- [TASK] From the line with "43-Piece Animal-Shaped Soft" through the line with "25''Oversized Lazy Boy", inclusive, return each line of the data below exactly and leave the rest out.

- [SUPPLIED RECORDS]
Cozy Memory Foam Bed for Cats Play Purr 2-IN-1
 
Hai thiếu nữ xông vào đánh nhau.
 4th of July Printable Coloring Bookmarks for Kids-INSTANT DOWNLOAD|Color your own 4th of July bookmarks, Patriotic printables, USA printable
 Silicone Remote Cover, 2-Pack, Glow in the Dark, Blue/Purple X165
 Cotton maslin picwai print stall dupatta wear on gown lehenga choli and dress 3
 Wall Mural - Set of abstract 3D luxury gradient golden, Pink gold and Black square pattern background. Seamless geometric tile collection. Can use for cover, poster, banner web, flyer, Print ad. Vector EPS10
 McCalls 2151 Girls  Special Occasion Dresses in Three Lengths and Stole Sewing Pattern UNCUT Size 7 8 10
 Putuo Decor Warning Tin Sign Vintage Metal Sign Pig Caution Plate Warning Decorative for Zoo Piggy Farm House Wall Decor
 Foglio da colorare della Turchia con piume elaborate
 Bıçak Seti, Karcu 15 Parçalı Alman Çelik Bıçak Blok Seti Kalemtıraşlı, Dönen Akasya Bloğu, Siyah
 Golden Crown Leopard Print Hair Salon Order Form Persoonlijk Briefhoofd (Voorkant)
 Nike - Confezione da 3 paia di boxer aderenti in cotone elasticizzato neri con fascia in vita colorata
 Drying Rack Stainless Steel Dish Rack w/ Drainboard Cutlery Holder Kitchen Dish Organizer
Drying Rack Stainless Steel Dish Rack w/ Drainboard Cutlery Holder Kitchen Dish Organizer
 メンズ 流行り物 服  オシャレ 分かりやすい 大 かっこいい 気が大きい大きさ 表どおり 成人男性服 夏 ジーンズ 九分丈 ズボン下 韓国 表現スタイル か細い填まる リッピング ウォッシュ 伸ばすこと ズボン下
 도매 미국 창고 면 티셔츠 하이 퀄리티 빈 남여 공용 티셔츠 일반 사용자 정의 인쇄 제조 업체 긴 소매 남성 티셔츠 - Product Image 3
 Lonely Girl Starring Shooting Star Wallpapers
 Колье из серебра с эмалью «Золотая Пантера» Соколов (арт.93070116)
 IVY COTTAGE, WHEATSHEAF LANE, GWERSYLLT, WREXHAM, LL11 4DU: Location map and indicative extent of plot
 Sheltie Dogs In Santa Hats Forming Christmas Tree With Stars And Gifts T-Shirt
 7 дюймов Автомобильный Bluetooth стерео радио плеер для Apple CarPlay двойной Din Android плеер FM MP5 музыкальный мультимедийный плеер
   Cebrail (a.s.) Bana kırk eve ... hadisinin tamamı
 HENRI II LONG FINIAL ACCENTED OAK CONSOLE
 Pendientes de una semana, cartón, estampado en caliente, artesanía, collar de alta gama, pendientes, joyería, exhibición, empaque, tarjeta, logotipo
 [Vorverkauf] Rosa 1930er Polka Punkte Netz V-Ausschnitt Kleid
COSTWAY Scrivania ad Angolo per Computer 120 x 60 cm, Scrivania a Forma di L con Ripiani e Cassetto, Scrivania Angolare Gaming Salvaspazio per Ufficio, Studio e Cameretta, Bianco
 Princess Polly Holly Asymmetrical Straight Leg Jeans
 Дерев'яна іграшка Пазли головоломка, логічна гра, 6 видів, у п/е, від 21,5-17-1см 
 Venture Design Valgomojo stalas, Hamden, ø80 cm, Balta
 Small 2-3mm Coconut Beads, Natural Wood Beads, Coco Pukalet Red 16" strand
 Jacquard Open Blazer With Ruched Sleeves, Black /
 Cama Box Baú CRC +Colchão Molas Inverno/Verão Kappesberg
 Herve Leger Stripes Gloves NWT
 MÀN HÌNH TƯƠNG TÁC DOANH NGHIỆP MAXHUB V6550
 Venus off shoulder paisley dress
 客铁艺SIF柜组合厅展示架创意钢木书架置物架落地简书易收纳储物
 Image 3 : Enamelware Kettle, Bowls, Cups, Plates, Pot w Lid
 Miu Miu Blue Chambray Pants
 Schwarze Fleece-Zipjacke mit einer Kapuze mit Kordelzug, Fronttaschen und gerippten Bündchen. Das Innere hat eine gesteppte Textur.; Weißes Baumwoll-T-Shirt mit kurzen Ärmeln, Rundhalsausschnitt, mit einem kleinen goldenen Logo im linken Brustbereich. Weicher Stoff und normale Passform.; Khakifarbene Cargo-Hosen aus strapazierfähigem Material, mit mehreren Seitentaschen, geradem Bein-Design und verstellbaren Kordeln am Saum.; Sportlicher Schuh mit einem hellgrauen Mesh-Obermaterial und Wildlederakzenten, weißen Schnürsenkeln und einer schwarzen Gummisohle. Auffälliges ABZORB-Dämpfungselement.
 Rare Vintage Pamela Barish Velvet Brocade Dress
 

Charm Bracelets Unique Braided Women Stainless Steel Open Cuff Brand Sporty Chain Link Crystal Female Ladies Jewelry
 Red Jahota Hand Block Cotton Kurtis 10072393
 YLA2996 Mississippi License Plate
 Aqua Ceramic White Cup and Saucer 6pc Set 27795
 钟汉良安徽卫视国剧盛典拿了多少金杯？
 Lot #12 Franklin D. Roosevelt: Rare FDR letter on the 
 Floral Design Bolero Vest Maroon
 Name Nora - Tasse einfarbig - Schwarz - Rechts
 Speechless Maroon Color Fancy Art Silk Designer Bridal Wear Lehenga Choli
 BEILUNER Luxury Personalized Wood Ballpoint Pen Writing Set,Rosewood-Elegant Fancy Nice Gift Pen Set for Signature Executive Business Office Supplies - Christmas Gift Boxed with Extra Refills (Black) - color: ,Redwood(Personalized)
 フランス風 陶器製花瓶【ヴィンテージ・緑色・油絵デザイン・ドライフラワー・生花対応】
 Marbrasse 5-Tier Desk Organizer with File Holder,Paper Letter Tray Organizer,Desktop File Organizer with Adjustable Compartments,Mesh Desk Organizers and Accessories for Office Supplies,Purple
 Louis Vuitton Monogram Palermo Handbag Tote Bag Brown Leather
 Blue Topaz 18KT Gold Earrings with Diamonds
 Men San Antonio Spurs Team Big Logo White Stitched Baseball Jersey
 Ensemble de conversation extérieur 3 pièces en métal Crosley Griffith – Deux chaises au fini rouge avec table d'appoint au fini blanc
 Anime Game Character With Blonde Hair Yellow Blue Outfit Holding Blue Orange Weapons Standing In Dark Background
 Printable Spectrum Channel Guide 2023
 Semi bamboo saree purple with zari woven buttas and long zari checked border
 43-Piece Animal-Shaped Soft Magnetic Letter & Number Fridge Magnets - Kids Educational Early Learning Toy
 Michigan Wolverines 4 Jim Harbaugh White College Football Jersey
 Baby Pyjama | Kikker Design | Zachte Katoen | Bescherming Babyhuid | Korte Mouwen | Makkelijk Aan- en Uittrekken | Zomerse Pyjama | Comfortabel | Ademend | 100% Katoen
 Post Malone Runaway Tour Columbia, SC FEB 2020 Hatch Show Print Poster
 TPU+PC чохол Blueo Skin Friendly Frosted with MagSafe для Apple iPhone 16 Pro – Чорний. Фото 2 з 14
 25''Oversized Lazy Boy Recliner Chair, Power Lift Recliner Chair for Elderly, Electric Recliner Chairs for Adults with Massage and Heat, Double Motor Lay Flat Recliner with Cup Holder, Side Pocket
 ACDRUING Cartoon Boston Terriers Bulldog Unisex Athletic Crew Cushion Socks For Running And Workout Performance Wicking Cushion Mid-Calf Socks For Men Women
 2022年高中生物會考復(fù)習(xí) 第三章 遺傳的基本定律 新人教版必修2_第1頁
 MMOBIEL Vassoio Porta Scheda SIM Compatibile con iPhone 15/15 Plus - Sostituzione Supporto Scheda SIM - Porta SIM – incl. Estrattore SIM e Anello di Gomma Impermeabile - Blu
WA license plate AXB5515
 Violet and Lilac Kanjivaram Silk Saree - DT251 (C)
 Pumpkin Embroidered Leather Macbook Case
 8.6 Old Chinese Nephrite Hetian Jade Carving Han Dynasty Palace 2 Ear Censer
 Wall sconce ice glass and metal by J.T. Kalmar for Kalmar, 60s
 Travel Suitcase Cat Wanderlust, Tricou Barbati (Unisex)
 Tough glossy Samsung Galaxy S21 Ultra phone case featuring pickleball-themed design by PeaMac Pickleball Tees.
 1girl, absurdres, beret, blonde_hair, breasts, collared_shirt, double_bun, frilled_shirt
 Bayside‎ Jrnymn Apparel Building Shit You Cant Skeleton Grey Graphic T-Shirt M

- [REPLY TO THE TASK]
 43-Piece Animal-Shaped Soft Magnetic Letter & Number Fridge Magnets - Kids Educational Early Learning Toy
 Michigan Wolverines 4 Jim Harbaugh White College Football Jersey
 Baby Pyjama | Kikker Design | Zachte Katoen | Bescherming Babyhuid | Korte Mouwen | Makkelijk Aan- en Uittrekken | Zomerse Pyjama | Comfortabel | Ademend | 100% Katoen
 Post Malone Runaway Tour Columbia, SC FEB 2020 Hatch Show Print Poster
 TPU+PC чохол Blueo Skin Friendly Frosted with MagSafe для Apple iPhone 16 Pro – Чорний. Фото 2 з 14
 25''Oversized Lazy Boy Recliner Chair, Power Lift Recliner Chair for Elderly, Electric Recliner Chairs for Adults with Massage and Heat, Double Motor Lay Flat Recliner with Cup Holder, Side Pocket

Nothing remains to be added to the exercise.